DATA FOR REVIEW:
Content starts

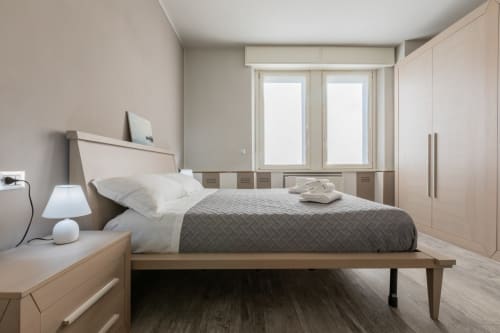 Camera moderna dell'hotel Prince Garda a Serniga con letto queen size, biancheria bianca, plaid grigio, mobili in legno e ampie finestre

Content ends
Content starts

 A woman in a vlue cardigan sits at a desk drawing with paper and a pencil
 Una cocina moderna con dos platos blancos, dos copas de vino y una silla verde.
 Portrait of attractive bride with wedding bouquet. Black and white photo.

Content ends

PROMPT:
Copy out, word for word, the part of the entries above that begins at the line with "A woman in a" and ends at the line with "Portrait of attractive", including both.

RESPONSE TO THIS TASK:
 A woman in a vlue cardigan sits at a desk drawing with paper and a pencil
 Una cocina moderna con dos platos blancos, dos copas de vino y una silla verde.
 Portrait of attractive bride with wedding bouquet. Black and white photo.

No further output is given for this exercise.